“We (the founders) believed that farmworkers would listen to (their peers) about healthcare issues,” Sengelaub says on the group's website. “You are always going to have … people working in the fields who feed us. We need to continue to support them to improve their lives. Respect and be grateful for the work that they do and design health promotion programs in holistic ways.”
In an interview with Modern Healthcare, Sengelaub, now 94 and a 2013 inductee to the Modern Healthcare Health Care Hall of Fame, describes the moral compass that drove her long career in healthcare, which spanned six decades.
“I would say the driving point of this is to serve the poor, the sick, the dying and the elderly; all the people in need,” she says. “This is the driving force for all of those in the congregation, for men and women.”

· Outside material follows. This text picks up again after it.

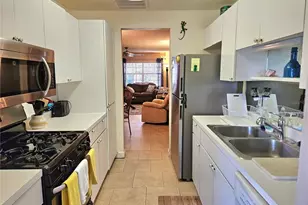 10037 62nd Terrace N, Saint Petersburg, FL 33708 - Photo 5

It wasn't only the Roman Catholic Church's mission to serve the poor where she found an outlet for her prodigious organizational energies. During Sengelaub's six-year tenure as head of the CHA, which began in 1970, major ethical questions arose that still confront religious healthcare providers: How should they deal with new medical advances such as artificial insemination and cryogenic preservation, as well as end-of-life care, each of which presented new challenges to traditional Catholic teachings and led to conflicts inside and outside of the church.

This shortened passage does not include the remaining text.